**Brief:**
Please restate every line below exactly, without any pictures.

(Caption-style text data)
**********

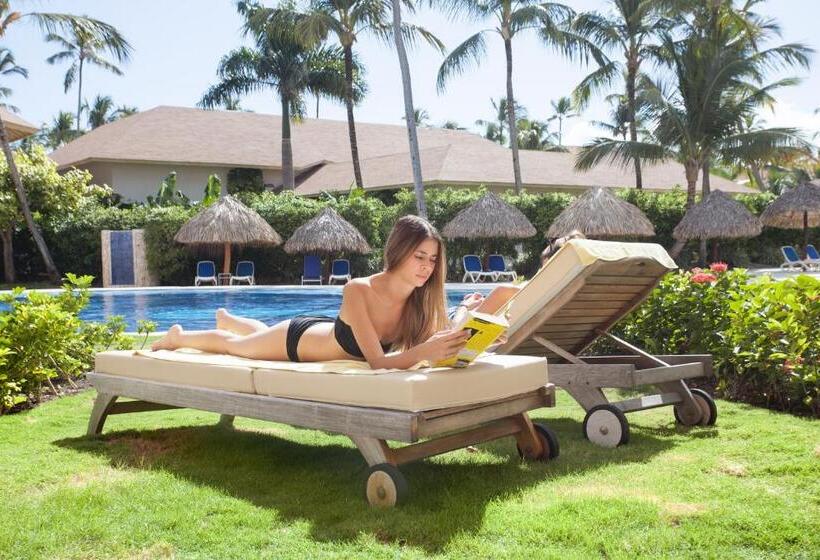 リゾートホテル Majestic Colonial Punta Cana All Inclusive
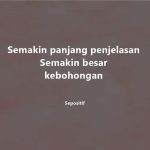 50 Kata Kata Penjelasan Tentang Hubungan Cinta dan Hidup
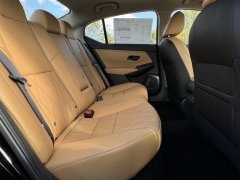 New 2025 Nissan Sentra SV CVT at Zeigler Nissan of Orland Park near Orland Park, IL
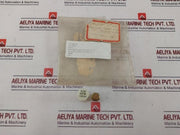 Danfoss Oil Nozzle For Pilot Burner 6.00 Usgal/H 60 Degree B Spray Angle 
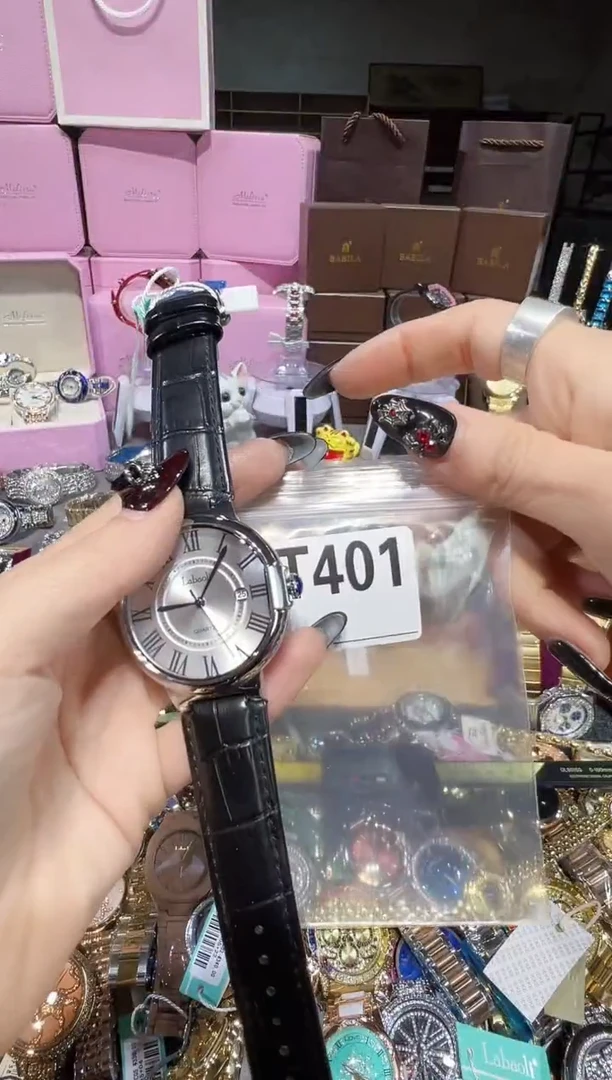 石英机芯锻造碳钢直播定闪专用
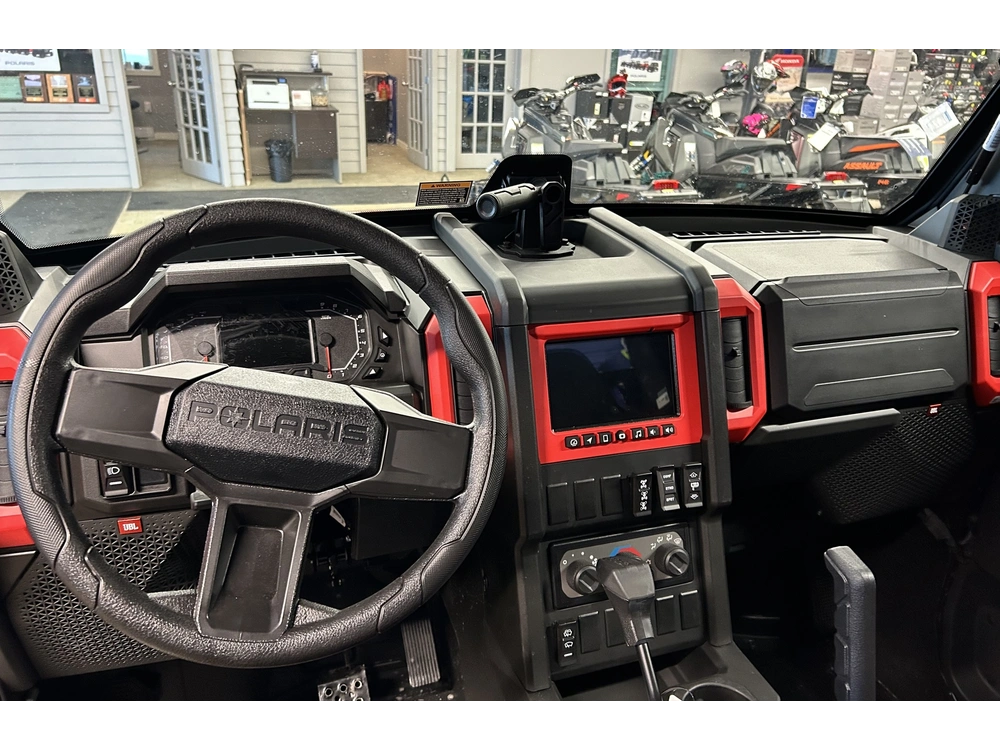 Polaris 2026 Polaris Xpedition Xp Northstar - Performance Red 2026 alt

**********

**Reply to the task:**
 リゾートホテル Majestic Colonial Punta Cana All Inclusive
 50 Kata Kata Penjelasan Tentang Hubungan Cinta dan Hidup
 New 2025 Nissan Sentra SV CVT at Zeigler Nissan of Orland Park near Orland Park, IL
 Danfoss Oil Nozzle For Pilot Burner 6.00 Usgal/H 60 Degree B Spray Angle 
 石英机芯锻造碳钢直播定闪专用
 Polaris 2026 Polaris Xpedition Xp Northstar - Performance Red 2026 alt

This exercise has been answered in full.